Dans la rue, les enfants s'en donnent à coeur joie avec les pétards. J'admire un moment le spectacle des feux d'artifice et des quotes. Comme il ne se passe vraiment rien de spécial et que j'ai épuisé ma conversation avec la famille, je vais bouquiner un peu en attendant l'heure d'aller à la Merced. Don Augus frappe à ma porte vers 21h30.

Nous partons dans les rues bien animées. Nous arrivons juste sur la fin de la posada de l'Eglise de la Merced. Énormes têtes en carton-pâte, déguisements de toutes sortes et, bien entendu, le petit enfant Jésus qui fait son entrée dans l'Église. Nous nous installons à une place libre et Don Augus tape la discute avec son voisin de banc en attendant le début de la messe. Je vois passer Mariela avec ses copines.

Les prêtres et les enfants de coeur font leur entrée avec grand renfort d'encens, l'officiant portant dans ses bras le niño Jesus.
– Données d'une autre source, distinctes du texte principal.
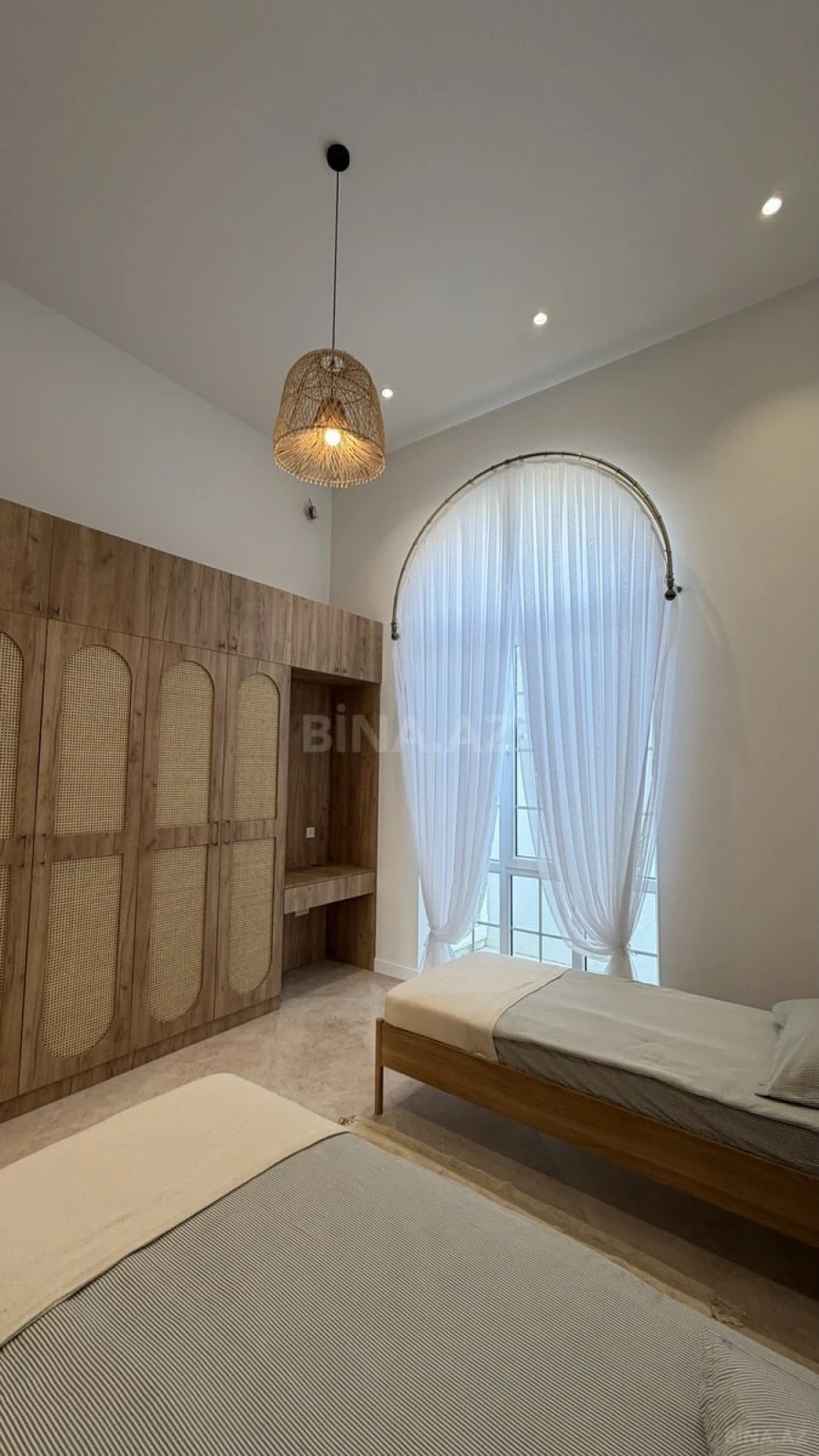 Satılır 4 otaqlı həyət evi 220 m²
Je n'ai pas trop de mal à suivre les paroles de l'évangile et des lectures, déduisant le vocabulaire qui me manque d'après mes souvenirs. J'ai un peu plus de mal avec les chants, mais beaucoup de choses en commun, simplement traduites. Quelques chants ont tout de même une forte sonorité espagnole. Je ne peux m'empêcher d'avoir une triste pensée pour Anna et sa famille et je sors de l'Église un peu chamboulée malgré le message de joie et de paix du prêtre.

A la maison, nous retrouvons l'ambiance des pétards. Il est 23h30. Dolores me sert de la salade. Je goûte ensuite une des sucreries que j'ai apporté, réalisant, trop tard, que ce n'était pas fini. Dolores apporte les tamales negros, sucrés, cette fois-ci, et fourrés aux prunes, amandes et raisins secs. Un peu écoeurant mais pas mauvais du tout.

Minuit, c est l'heure de faire pétarader toute la ville. De concert, toutes les familles, et en particulier les enfants, déclenchent des monceaux de pétards, allument des feux d'artifice, qui fusent de tous côtés. Le vacarme est assourdissant. Cela dure près d'une heure, sans discontinuer. Je regarde le spectacle un petit moment, puis vais tranquillement terminer mon bouquin, en attendant le retour au calme.